- EXERCISE -
Once you have reviewed the listing below, restate it word for word.

- DATASET EXCERPT -
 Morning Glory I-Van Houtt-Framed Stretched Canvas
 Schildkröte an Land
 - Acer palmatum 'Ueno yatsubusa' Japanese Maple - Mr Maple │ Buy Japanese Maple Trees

- WRITTEN RESPONSE -
 Morning Glory I-Van Houtt-Framed Stretched Canvas
 Schildkröte an Land
 - Acer palmatum 'Ueno yatsubusa' Japanese Maple - Mr Maple │ Buy Japanese Maple Trees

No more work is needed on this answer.